ArchiveTeam / grab-site

The archivist's web crawler: WARC output, dashboard for all crawls, dynamic ignore patterns
Other
1.31k stars 129 forks source link

Project Evolution #192

Open acrois opened 2 years ago

acrois commented 2 years ago

Hello, I would like to propose a plan for the future of this project.

Purpose:

It will give the community of developers and users a common structure to collaborate as well as improve the quality and speed of archiving the web.

Scary issues out of the way first: We don't want to make any license changes, avoid major (breaking) refactors (requiring end-user changes), and maintain support for existing feature functionality. We should focus new development efforts on performance, stability, scalability, features, and pain points (a little of everything). We will want to encourage the adoption of the library and improve the user experience of the application. We will want to establish and grow the project's visibility by providing a tool to aspiring archivers (known by some as web preservationists) to use as well as give them a clear way to contribute to the massive work that needs to be done in order to preserve the web as we know it.

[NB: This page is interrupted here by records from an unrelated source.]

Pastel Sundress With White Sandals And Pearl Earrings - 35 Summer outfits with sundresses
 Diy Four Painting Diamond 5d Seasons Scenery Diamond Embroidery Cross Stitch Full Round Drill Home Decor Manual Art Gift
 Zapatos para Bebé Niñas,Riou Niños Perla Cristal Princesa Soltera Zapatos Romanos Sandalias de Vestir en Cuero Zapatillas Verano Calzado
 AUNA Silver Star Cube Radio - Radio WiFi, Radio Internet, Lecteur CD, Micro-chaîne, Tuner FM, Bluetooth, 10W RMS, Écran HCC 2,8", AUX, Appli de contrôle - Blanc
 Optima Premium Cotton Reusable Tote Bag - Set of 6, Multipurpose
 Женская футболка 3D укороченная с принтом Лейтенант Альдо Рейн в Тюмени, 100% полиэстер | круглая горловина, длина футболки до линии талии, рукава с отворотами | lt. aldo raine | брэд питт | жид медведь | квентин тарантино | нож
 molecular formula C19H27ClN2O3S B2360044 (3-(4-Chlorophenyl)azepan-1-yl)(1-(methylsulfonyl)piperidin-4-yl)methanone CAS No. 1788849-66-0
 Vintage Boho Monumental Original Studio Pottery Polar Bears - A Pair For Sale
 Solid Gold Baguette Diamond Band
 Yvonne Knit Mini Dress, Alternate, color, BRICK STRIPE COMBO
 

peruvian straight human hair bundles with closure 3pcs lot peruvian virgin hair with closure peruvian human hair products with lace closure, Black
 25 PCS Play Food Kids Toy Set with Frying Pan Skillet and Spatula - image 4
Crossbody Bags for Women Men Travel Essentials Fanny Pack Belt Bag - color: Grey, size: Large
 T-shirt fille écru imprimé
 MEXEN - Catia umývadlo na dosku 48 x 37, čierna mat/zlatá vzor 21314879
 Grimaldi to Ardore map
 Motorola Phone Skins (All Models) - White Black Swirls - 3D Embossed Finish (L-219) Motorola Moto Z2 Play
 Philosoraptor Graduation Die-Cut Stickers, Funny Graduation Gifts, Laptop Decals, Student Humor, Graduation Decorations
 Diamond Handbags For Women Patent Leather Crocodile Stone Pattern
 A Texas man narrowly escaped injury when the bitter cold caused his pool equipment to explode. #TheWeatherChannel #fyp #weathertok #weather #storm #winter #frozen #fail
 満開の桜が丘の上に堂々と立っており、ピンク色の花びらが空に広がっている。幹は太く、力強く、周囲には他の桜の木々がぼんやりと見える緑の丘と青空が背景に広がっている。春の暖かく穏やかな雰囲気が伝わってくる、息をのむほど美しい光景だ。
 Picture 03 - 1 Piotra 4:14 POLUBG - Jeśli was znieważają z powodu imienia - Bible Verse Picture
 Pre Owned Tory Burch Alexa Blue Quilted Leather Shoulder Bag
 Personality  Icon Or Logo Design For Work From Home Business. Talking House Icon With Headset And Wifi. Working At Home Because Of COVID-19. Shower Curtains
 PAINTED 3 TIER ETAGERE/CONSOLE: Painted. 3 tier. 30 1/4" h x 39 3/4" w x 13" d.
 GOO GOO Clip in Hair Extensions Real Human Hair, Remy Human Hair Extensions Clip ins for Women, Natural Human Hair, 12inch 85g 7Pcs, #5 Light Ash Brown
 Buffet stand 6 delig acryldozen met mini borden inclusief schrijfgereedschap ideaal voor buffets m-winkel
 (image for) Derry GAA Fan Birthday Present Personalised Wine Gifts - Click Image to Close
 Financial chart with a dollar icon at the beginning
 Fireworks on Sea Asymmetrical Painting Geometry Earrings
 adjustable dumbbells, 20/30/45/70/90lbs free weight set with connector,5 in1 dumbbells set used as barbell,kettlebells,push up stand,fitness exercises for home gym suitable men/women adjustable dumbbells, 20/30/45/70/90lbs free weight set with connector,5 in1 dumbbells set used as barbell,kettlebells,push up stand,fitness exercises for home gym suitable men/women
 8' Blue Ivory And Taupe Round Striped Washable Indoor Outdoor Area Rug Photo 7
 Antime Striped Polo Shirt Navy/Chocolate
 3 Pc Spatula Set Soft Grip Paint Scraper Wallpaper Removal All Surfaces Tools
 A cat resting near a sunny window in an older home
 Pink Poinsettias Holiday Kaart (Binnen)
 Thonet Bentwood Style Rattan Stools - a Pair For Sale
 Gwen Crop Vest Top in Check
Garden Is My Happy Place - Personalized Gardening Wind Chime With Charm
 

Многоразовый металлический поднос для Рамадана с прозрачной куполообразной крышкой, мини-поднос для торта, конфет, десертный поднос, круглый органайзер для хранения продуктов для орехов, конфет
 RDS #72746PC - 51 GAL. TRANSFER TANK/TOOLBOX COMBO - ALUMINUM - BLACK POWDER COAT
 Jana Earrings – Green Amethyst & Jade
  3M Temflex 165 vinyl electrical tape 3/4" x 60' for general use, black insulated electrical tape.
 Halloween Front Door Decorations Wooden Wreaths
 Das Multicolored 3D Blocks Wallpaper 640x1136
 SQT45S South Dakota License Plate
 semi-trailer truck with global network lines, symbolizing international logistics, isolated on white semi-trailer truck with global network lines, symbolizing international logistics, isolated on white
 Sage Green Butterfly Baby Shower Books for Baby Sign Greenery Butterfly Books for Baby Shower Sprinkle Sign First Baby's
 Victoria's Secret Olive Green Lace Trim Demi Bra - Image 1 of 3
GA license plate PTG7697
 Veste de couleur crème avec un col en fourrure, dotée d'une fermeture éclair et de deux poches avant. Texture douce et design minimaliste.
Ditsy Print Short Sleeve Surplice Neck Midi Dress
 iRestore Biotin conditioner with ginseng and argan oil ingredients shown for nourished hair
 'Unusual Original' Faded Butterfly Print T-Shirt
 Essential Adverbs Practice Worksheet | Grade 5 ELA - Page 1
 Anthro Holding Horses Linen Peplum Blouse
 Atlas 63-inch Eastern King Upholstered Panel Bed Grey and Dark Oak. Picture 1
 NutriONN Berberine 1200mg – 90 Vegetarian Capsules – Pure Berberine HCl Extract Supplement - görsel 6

As a result, I will present to you an outline of the things I would like for us to agree and embark on with this project. I have roughly ordered them for (my perceived) importance to the project (vs complexity vs dependency). This is done considering what falls within the aforementioned categories of visibility, stability, performance, and features. This list and its ordering are subject to change as community prioritization process happens and we take this project to the next level. I would love to have a discussion in the comments if you are curious about any of this. After all, we need consensus to be considered a community. This is just a launch point for us to get started from.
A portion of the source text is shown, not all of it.